Problem requirements => Skip all pictures. Set down only the lines starting at the line containing "Truck Full of" and running to the end of the listing.

Source data =>
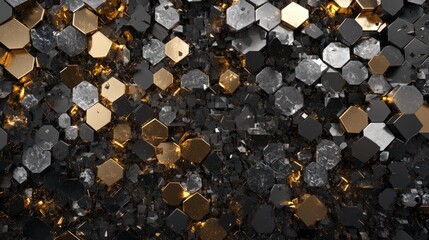 Poster - Black and Gold Hexagon Background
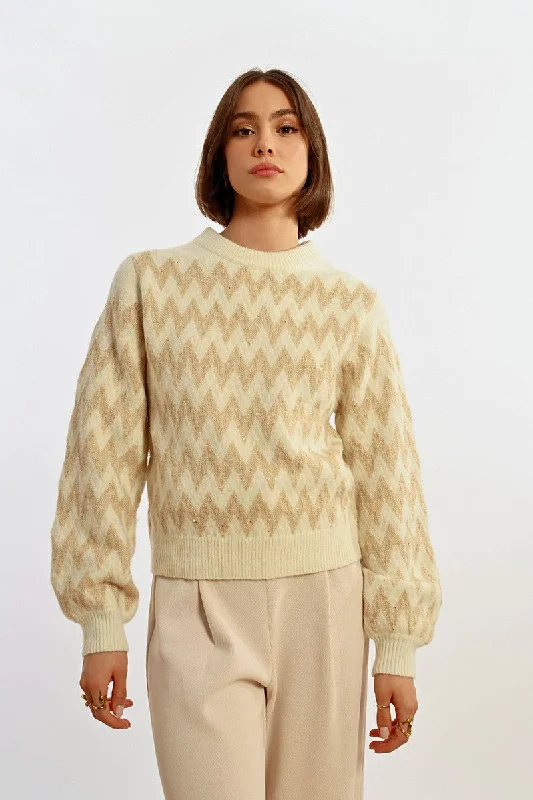 MBN Gold Tinsel Chevron Sweater Boat Neck Shawl Collar Notched Collar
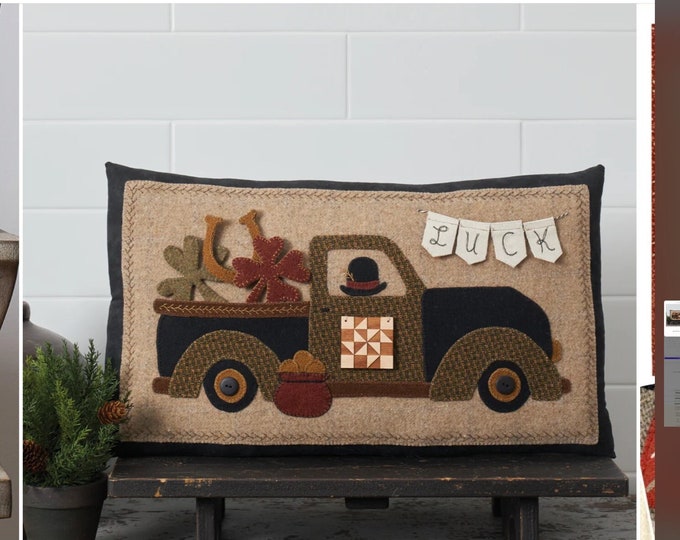 Truck Full of Joy Monthly Pillow March - Pattern by Buttermilk Basin Finished Size 10 x 22”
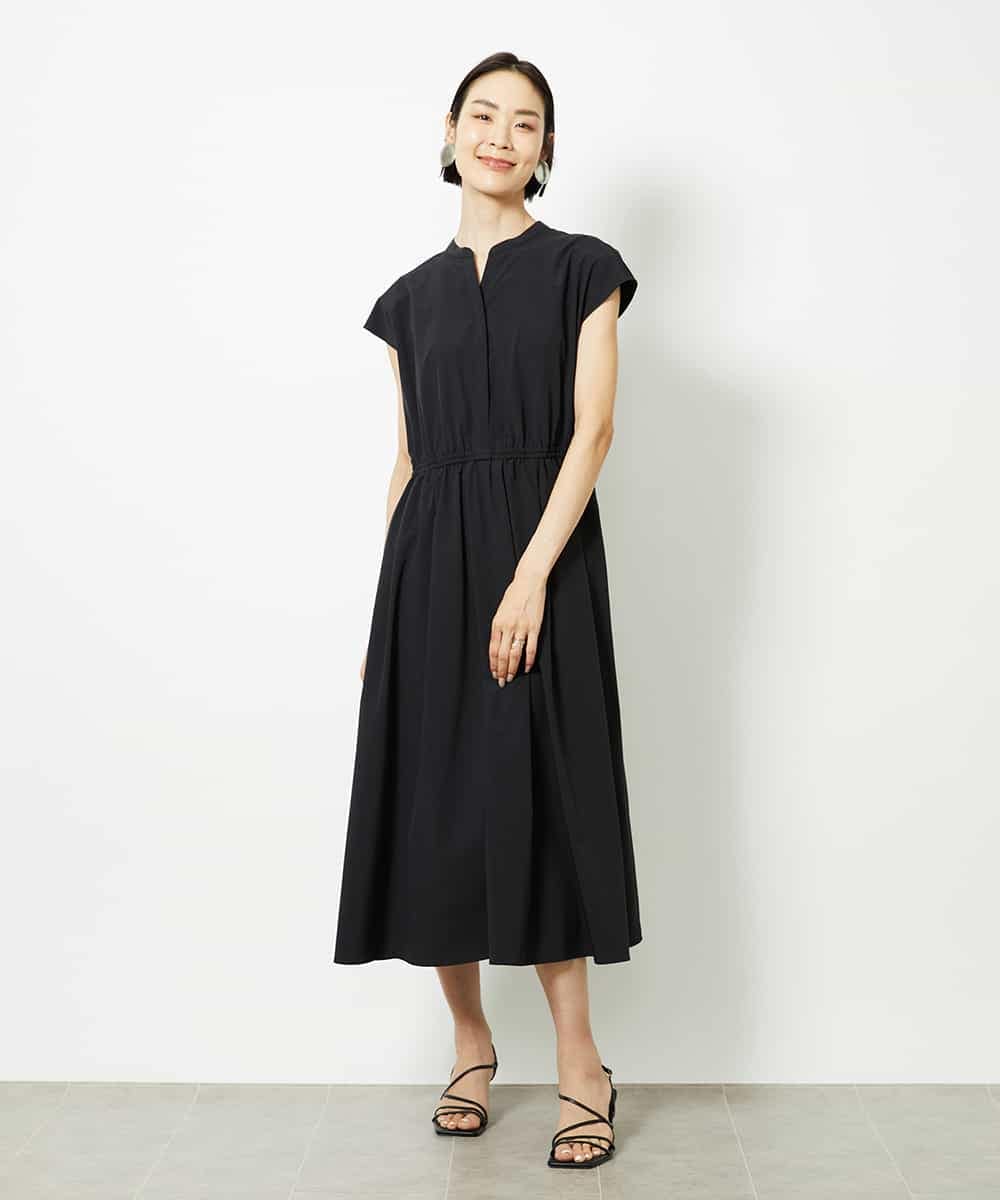 FMEJA02270 MICHEL KLEIN(ミッシェルクラン) キーネックギャザーワンピース ブラック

Result of the task =>
 Truck Full of Joy Monthly Pillow March - Pattern by Buttermilk Basin Finished Size 10 x 22”
 FMEJA02270 MICHEL KLEIN(ミッシェルクラン) キーネックギャザーワンピース ブラック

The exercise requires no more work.